A próxima etapa seria atingida por via férrea, partindo da Estação Chhatrapati Shivaji, outro monumento arquitetônico valioso. Como em todo mundo, as estações ferroviárias são circundadas por mil bancas de vendedores ambulantes. Ali, a característica principal é que algumas delas são imensas e… artísticas! A banca de frutas, por exemplo, vendia pratos com variadas frutas cortadas e dispostas de modo artístico. E as montagens dos pratos não se repetiam. Eram uma demonstração eloquente da fértil imaginação indiana. O vendedor de algodão doce colorido fazia verdadeiros mimos com o açúcar: rosas, lírios…

Mas, Deus do céu! Que horror! Ao lado de mil aspectos pitorescos e interessantes, nas passarelas que cruzavam a estação de destino, um bando de crianças seminuas ou inteiramente nuas cercou as duas e seus acompanhantes, suplicando-lhes com as mãos estendidas esmola, em dinheiro ou comida.

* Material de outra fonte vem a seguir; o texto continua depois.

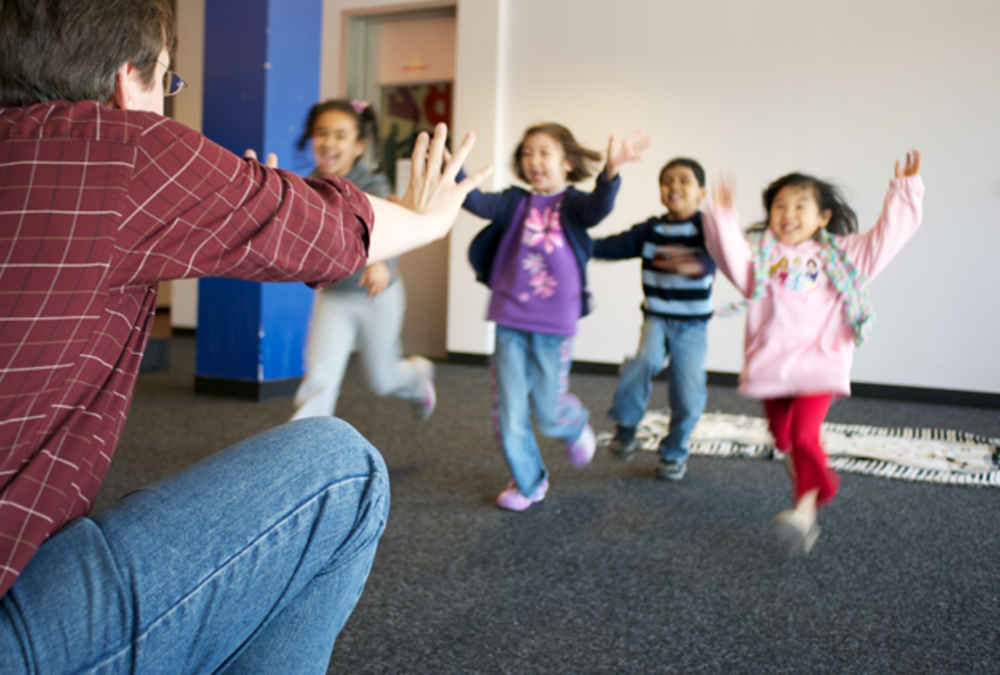 students running toward bach to rock instructor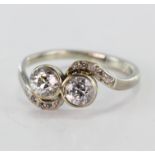 White metal (tests 14ct) Ring set with two central Diamonds with Diamond shoulders approx 1.00 ct wt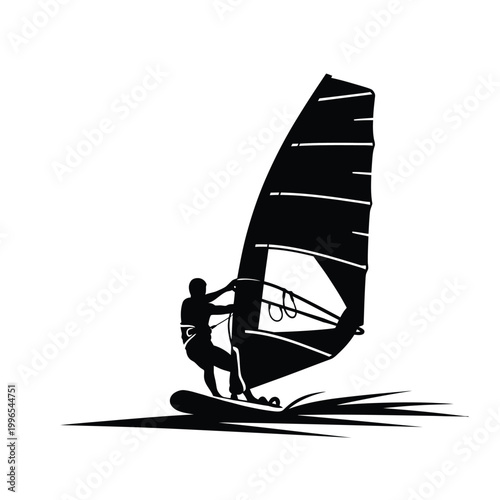 Silhouette of a skilled windsurfer riding fast across the blue water surface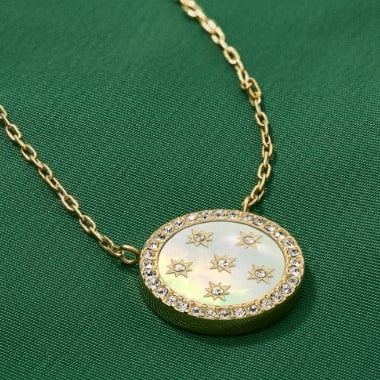 A mother-of-pearl pendant necklace on a gold-tone chain set against a green background.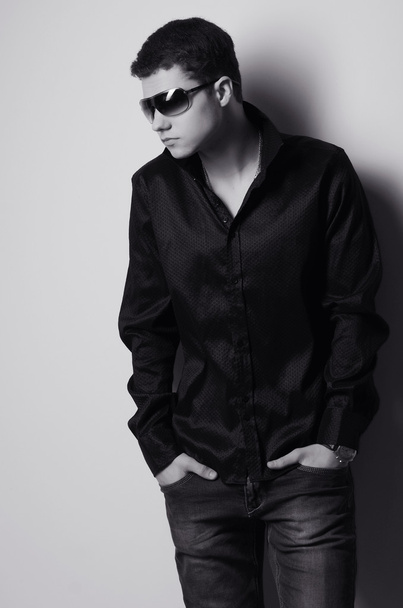 Fashion portrait of young man in black shirt poses over wall - Foto, Imagem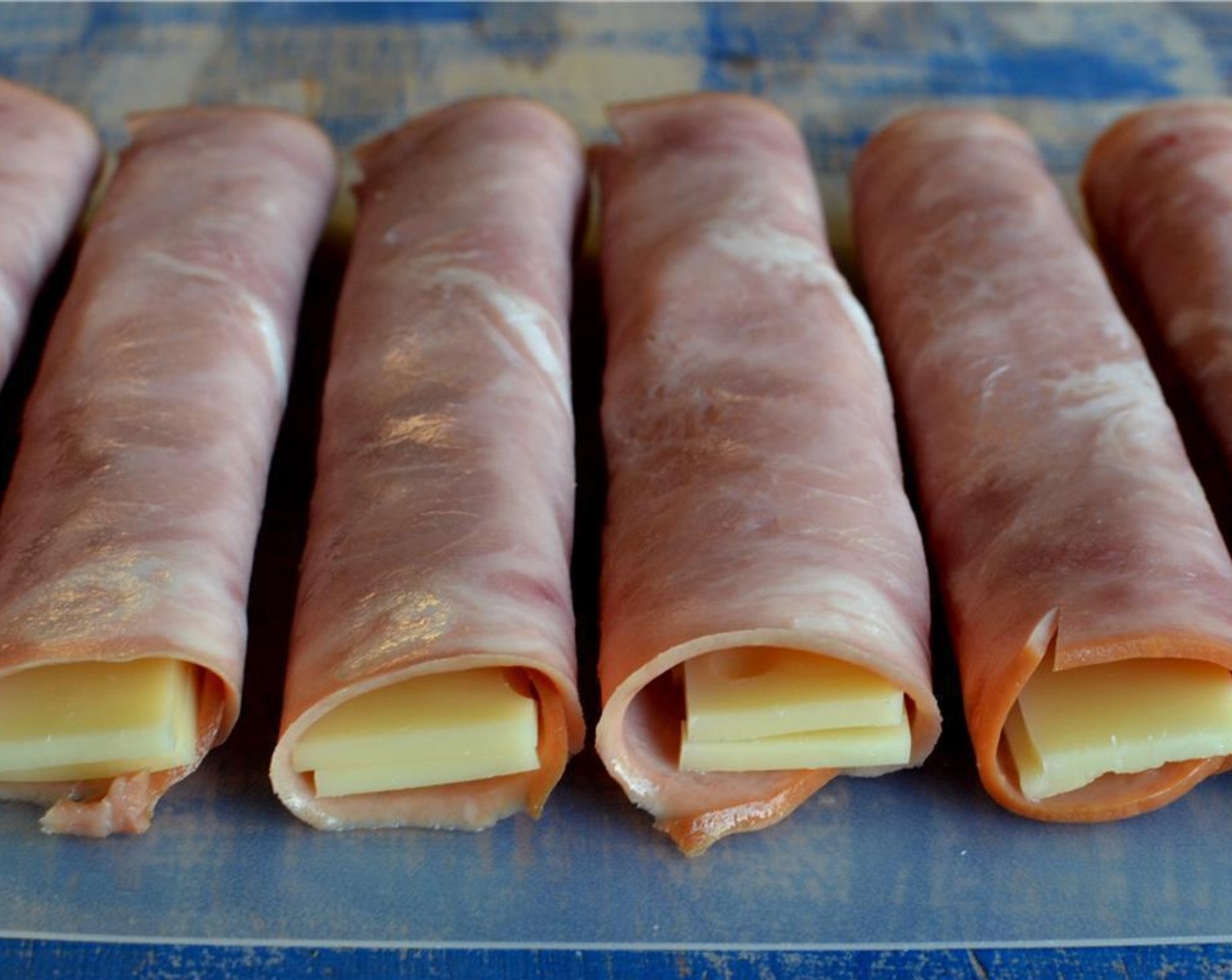 step 5 Start by rolling up some Swiss Cheese (8 slices) in the Deli Ham (8 slices).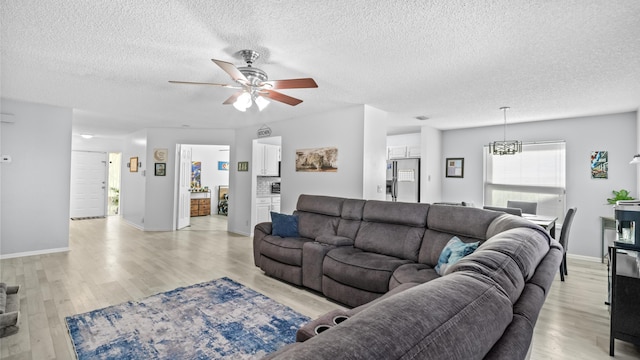 living area with light wood-style floors, a ceiling fan, a textured ceiling, and baseboards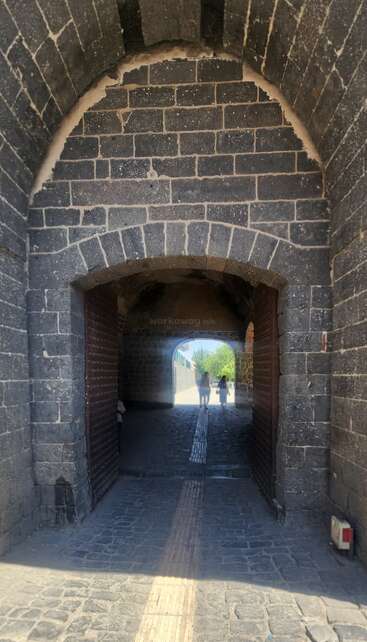 Esta imagem mostra um túnel em arco de pedra com duas pessoas caminhando em direção à saída. A luz do sol ilumina o caminho de paralelepípedos e a vegetação do lado de fora do túnel.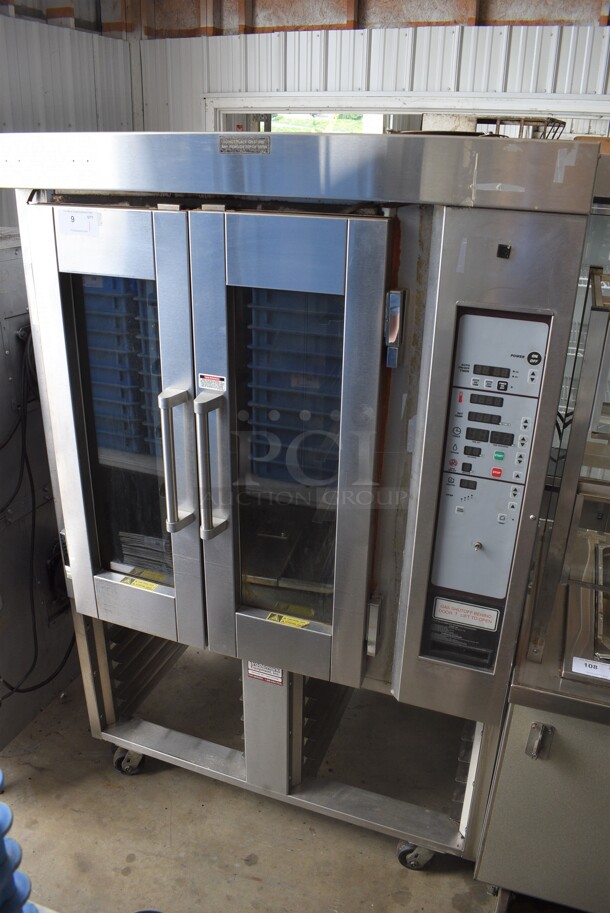 Stainless Steel Commercial Floor Style Natural Gas Powered Mini Rotating Rack Oven w/ Lower Pan Rack on Commercial Casters. Appears To Be Baxter Brand. 48x40x75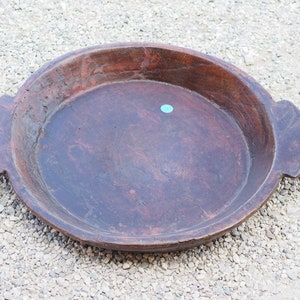 Puede incluir: Una bandeja redonda de madera grande con dos asas. La bandeja es de color marrón oscuro y tiene un aspecto desgastado y rústico.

Quase completamente selvagens, malcheirosas, algumas ficavam estiradas no chão, e os transeuntes se desviavam delas como de um saco de lixo, pulavam por cima delas e seguiam seu caminho. Durante dois ou três minutos, as missionárias pararam e se dirigiram a elas em inglês, explicando-lhes o presente que lhes iam dar: Medalhas Milagrosas. Muitas se acercaram e com atenção seguiram a explicação, que, provavelmente, pouco compreendiam. No entanto, algo brilhava em seus olhos. Era a ação da graça, que batia às portas daquelas almas. Mas, como tanta miséria era agravada por absoluta falta de qualquer noção de religião cristã, de Deus, de família até, algumas crianças se revoltavam e, abandonando a explicação, avançavam sobre os que passavam, puxando-lhes a roupa, empurrando-os. Porém, o grupo aumentou e pelo menos umas trinta começaram a andar ao lado das religiosas, algumas tentando conversar e visivelmente tocadas com as medalhas, outras gritando e cortando-lhes o passo. Foi necessária a intervenção enérgica de um dos acompanhantes para que se afastassem. Pouco adiante viam-se essas últimas tentando vender as medalhinhas.

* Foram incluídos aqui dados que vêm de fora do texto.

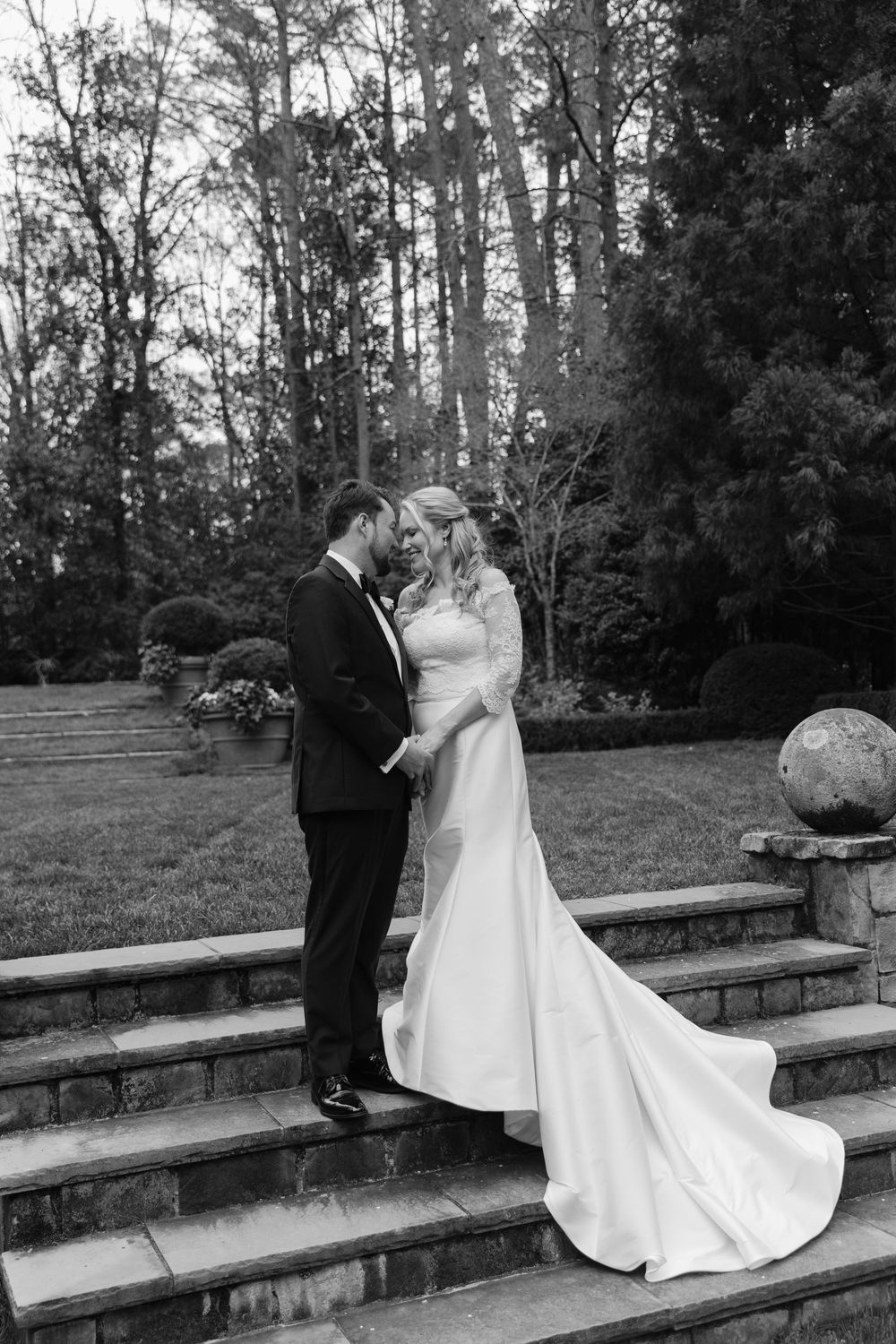 A romantic black and white wedding photograph capturing a couple on stone steps surrounded by tall trees.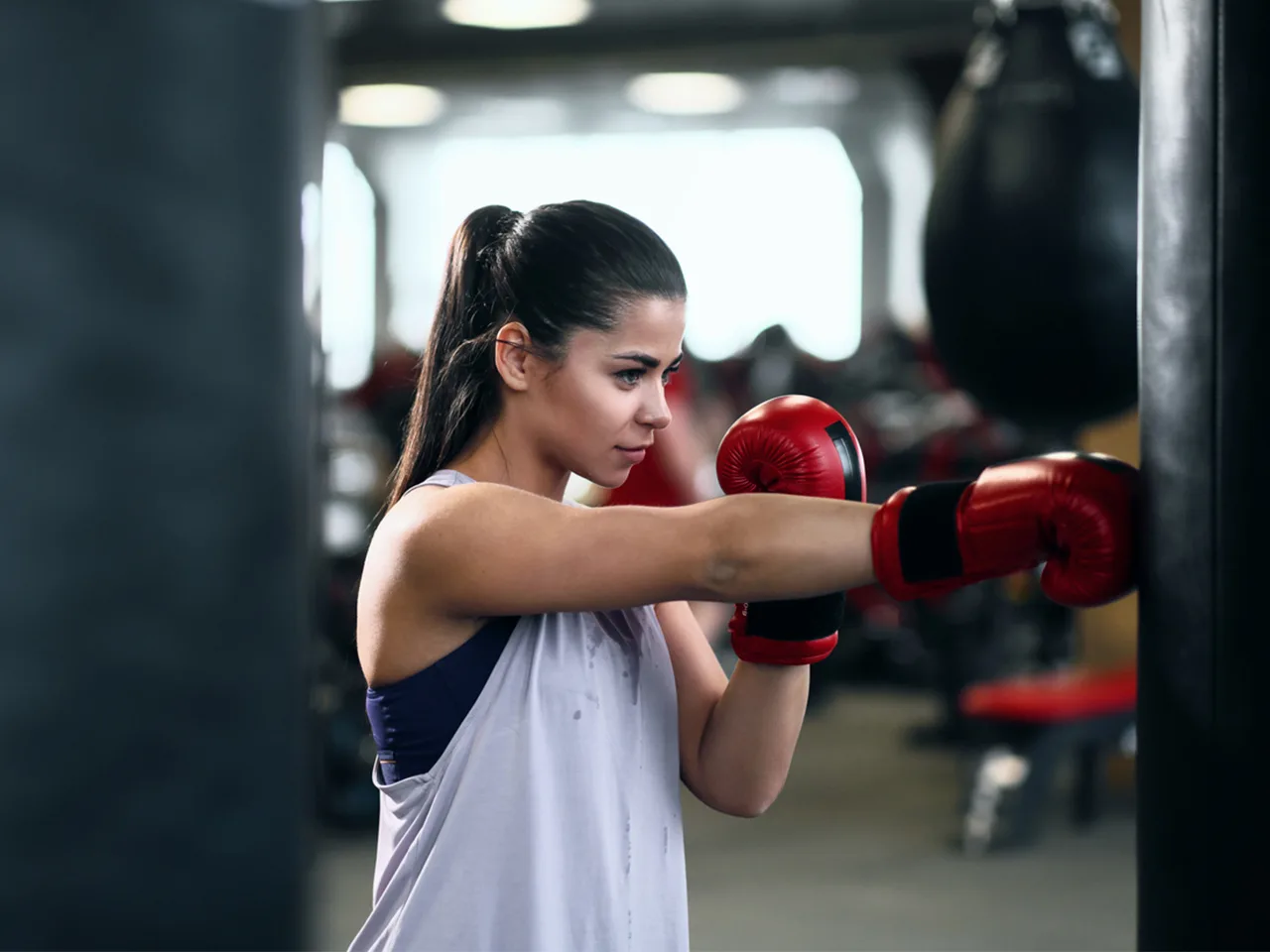 A young woman extends her arms in a boxing pose.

As irmãs compreenderam bem, nesse primeiro contato com a dura realidade do povo indiano, algumas características daquela gente: avidez espiritual, pouca formação religiosa profunda ao lado de grande miséria moral e material. Nas classes mais abastadas, como entre esses pobrezinhos, havia admiração pelos estrangeiros e intuição aguda do sobrenatural. Quanto às suas próprias qualidades, viam despretensão e pouca autoconfiança. No entanto, percebiam que era um povo cheio de sonhos voltados para o maravilhoso, os quais procuravam exprimir no cotidiano.

No coração das religiosas uma resolução estava tomada: dentro de seu limitadíssimo âmbito material, mas no amplo campo espiritual, com o auxílio de Deus e da Santíssima Virgem, tudo fariam para que um dia, fosse ele próximo ou distante, o verdadeiro Deus, através de Sua verdadeira Igreja, fosse ali conhecido, respeitado, adorado, e que aquele povo, em que pululavam excelentes qualidades de espírito, fosse elevado à nobre dignidade de filhos de Deus, com uma vida honrada nessa terra e a possibilidade da felicidade infinita no céu.